(Records excerpted from a collection)

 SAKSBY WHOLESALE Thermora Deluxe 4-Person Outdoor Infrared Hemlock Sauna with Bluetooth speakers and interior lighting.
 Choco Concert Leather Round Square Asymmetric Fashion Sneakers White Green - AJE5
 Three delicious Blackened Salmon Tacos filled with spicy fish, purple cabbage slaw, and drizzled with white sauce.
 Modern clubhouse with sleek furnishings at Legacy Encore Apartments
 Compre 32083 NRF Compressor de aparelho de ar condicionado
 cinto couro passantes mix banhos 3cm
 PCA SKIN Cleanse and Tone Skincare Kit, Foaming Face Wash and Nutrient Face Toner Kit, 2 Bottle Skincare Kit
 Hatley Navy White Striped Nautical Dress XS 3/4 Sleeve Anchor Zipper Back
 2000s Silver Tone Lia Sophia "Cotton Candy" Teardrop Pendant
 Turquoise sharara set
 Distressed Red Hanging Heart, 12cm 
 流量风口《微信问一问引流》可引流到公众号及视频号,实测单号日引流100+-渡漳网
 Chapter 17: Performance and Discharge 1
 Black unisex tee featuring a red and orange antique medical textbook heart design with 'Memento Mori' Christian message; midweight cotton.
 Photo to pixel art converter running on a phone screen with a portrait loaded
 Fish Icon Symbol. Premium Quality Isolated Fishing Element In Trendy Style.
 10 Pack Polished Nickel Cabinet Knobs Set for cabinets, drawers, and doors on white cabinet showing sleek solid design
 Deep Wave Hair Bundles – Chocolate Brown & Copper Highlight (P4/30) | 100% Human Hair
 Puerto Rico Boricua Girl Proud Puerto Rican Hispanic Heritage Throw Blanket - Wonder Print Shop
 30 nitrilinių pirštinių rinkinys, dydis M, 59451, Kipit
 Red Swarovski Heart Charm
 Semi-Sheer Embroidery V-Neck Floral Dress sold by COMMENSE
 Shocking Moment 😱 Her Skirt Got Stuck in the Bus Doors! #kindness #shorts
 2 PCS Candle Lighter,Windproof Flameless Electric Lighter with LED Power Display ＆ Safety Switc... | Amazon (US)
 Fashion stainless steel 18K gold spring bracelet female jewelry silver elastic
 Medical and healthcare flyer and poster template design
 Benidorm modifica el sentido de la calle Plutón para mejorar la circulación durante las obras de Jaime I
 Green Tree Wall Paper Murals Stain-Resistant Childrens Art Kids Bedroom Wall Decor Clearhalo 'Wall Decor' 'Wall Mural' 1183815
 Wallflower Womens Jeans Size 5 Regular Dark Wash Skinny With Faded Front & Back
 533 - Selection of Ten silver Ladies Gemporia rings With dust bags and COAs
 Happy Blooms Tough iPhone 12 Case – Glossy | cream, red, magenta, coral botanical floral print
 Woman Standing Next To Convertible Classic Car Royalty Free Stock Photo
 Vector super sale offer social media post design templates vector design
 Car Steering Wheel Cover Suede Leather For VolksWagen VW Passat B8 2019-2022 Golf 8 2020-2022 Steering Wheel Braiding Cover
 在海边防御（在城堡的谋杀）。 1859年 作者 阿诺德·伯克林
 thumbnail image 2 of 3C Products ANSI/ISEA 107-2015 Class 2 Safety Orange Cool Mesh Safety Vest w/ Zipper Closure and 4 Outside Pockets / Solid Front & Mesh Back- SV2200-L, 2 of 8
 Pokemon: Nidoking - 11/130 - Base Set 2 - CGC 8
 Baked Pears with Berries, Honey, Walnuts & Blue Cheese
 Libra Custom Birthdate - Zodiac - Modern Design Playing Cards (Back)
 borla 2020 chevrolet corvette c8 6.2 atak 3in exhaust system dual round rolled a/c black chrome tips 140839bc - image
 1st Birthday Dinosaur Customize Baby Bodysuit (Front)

Task details:
Starting at the line that has "Photo to pixel" and ending at the line that has "Wallflower Womens Jeans", please write out the lines above exactly, leaving out all others.

Output for this task:
 Photo to pixel art converter running on a phone screen with a portrait loaded
 Fish Icon Symbol. Premium Quality Isolated Fishing Element In Trendy Style.
 10 Pack Polished Nickel Cabinet Knobs Set for cabinets, drawers, and doors on white cabinet showing sleek solid design
 Deep Wave Hair Bundles – Chocolate Brown & Copper Highlight (P4/30) | 100% Human Hair
 Puerto Rico Boricua Girl Proud Puerto Rican Hispanic Heritage Throw Blanket - Wonder Print Shop
 30 nitrilinių pirštinių rinkinys, dydis M, 59451, Kipit
 Red Swarovski Heart Charm
 Semi-Sheer Embroidery V-Neck Floral Dress sold by COMMENSE
 Shocking Moment 😱 Her Skirt Got Stuck in the Bus Doors! #kindness #shorts
 2 PCS Candle Lighter,Windproof Flameless Electric Lighter with LED Power Display ＆ Safety Switc... | Amazon (US)
 Fashion stainless steel 18K gold spring bracelet female jewelry silver elastic
 Medical and healthcare flyer and poster template design
 Benidorm modifica el sentido de la calle Plutón para mejorar la circulación durante las obras de Jaime I
 Green Tree Wall Paper Murals Stain-Resistant Childrens Art Kids Bedroom Wall Decor Clearhalo 'Wall Decor' 'Wall Mural' 1183815
 Wallflower Womens Jeans Size 5 Regular Dark Wash Skinny With Faded Front & Back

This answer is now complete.